» INFORMATION PROVIDED:
------------------------------------

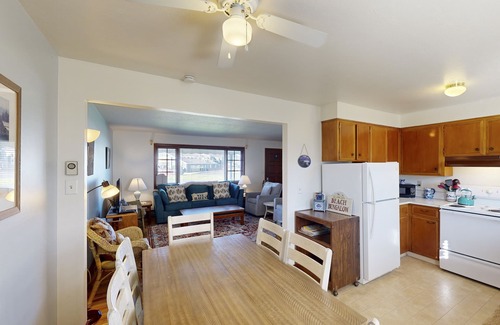 Newport Condo | Charming Dog-Friendly Condo with Ocean View - Close to Beach & Nye Shops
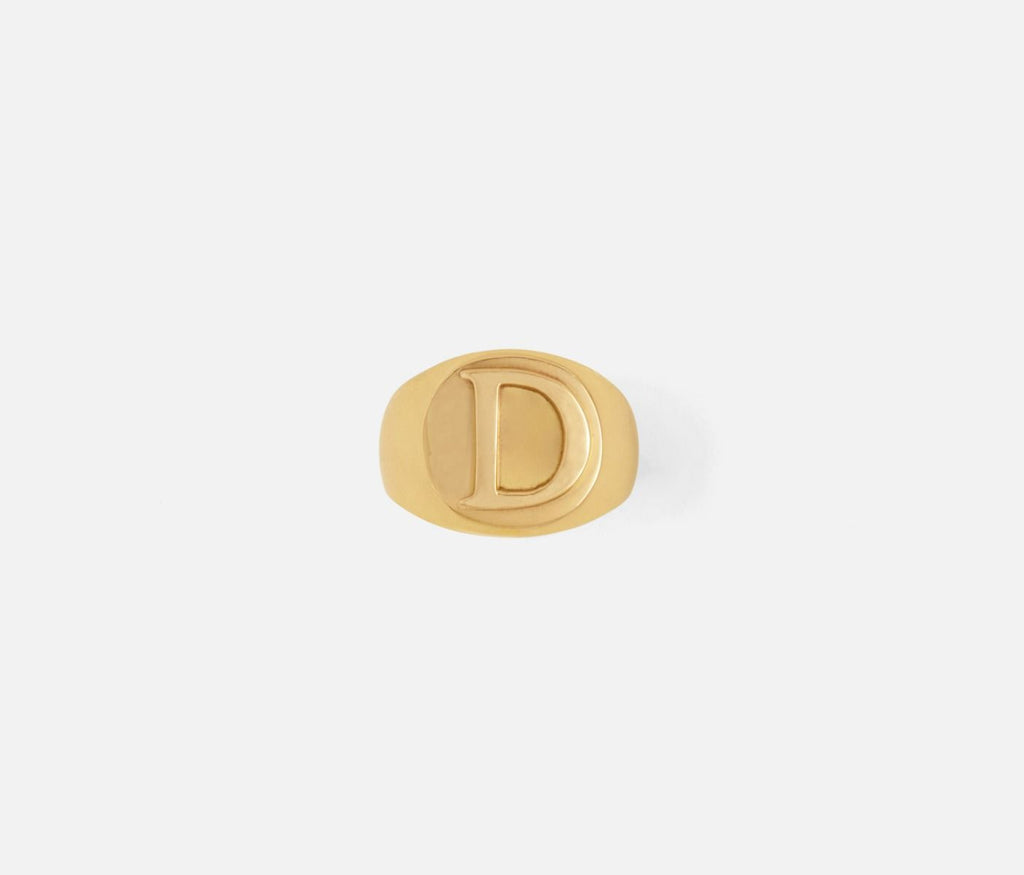 Clark Signet Napkin Ring in Gold
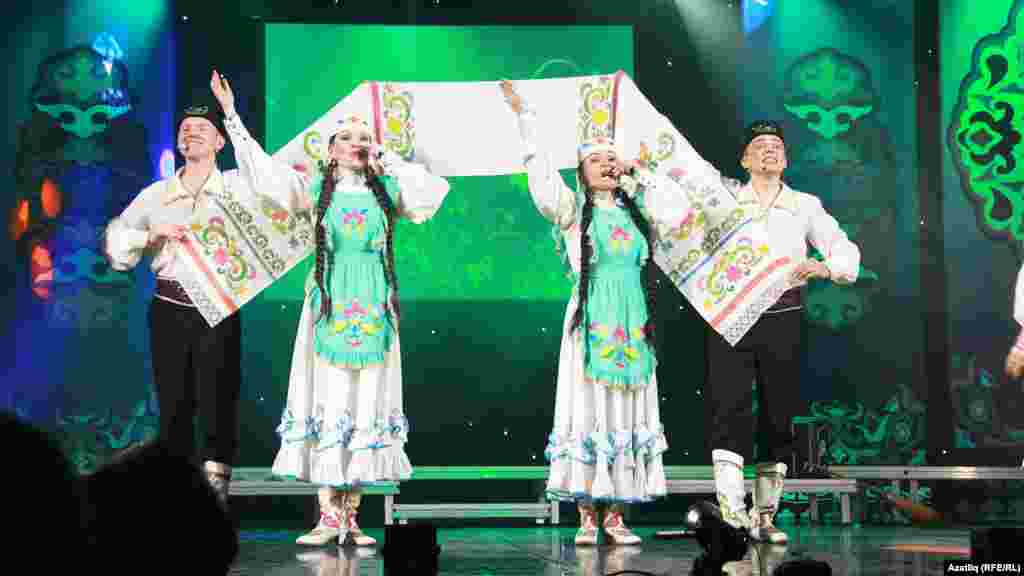 &quot;Сорнай&quot; егет-кызлары борынгы &quot;Аулак өй&quot;ләрне искә төшерде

------------------------------------

» EXERCISE OBJECTIVE:
Print the listing again exactly as it appears, except for the pictures, which stay out.

» THE ANSWER:
 Newport Condo | Charming Dog-Friendly Condo with Ocean View - Close to Beach & Nye Shops
 Clark Signet Napkin Ring in Gold
 &quot;Сорнай&quot; егет-кызлары борынгы &quot;Аулак өй&quot;ләрне искә төшерде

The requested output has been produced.